白井さゆり教授:QQEが企業・政府を甘やかす

Share

金融緩和が実体経済を蝕む

白井教授の金融政策への懸念は金融緩和効果だけにとどまらない。
むしろ、実体経済への波及を心配している。


「国債市場の機能が崩れ、価格発見機能が無くなっている。
政治・企業も低金利に慣れ、必要な改革意識が後退している。」

とし、企業や政府財政の規律が失われかねないと示唆している。
教授は「日本経済の将来にとって危険だ」とさえ言った。
つまりその真意は、あまりにも長く、過度かつ人為的な金利低下要因を市場に与えること自体への危惧にあるのだ。
そのため、金融政策の枠組み全体を見直すべきと主張する。

  • 現実的な物価見通しの作成・公表。
  • 見通しに合った資産買入額。
    「まず国債買い入れを一時的ではなく、50兆円を目指してテーパリングを開始し、その後に市場の状況を見ながらさらに段階的に縮小。
    長期金利目標もゼロ─0.5%程度などへ移行し、次第に柔軟性を高めていくべき。」
  • フォワード・ガイダンス強化。
    「一時的に国債金利が上昇するかもしれないが、より客観的な見通しとそれに沿った政策を示す方が、現行政策よりも信頼が高まる。」

海外で金利上昇が始まった?

買入れの「量」なのか、買入れが目標とする「金利」なのか。
議論のあるところだろう。
現状のような金利ペッグの難点は

  • 国債市場の価格発見機能の阻害。
  • 金利を決めることは完全な官製市場であることを意味する。

量を示して買い入れるのであれば、ほんのわずかとは言え価格変動を通して実体経済に何らかのシグナルを発するようになるかもしれない。
また、市場参加者の収益機会も増え、資産価格の歪みも少なくなるのかもしれない。
一方で、買入れの量に戻したところで、国債市場が相当に人為的に低位に置かれている可能性は拭えない。
低レベルどうしの比較のようにも感じられる。
逆に、金利でコントロールするやり方はわかりやすいし、買入れの量がむしろ少なくて済んでいる間は柔軟性のある都合のいいやり方のようにも思える。

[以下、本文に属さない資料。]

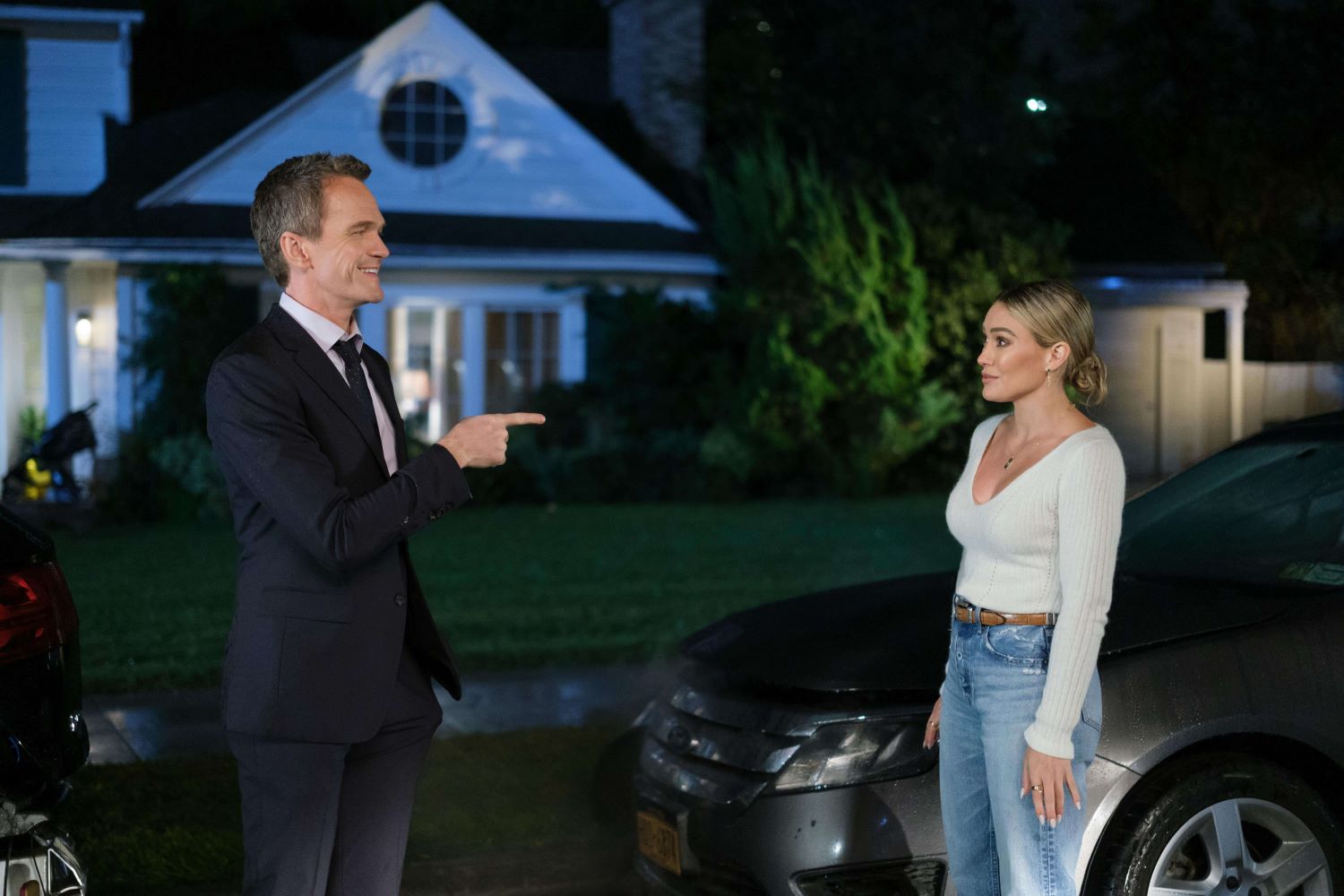 Neil Patrick Harris as Barney Stinson and Hilary Duff as Sophie Tompkins in 'How I Met Your Father' Season 2 on Hulu. Barney wears a black suit over a white button-up shirt and black tie. Sophie wears a white long-sleeved shirt and light blue jeans.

海外の主要中銀が金融政策を転換しようとする中でも、日銀が金融緩和をやめる目は小さいと思われる。
しかし、海外の金利上昇につれて円金利に本格的な上昇圧力がかからないとも限らない。
買い入れる量をフィックスすることで、それをストップさせられるだろうか。
あるいは、金利差を維持するように長期金利の上昇を容認するのか。
久しぶりに日銀の金融政策が注目される状況になってきた。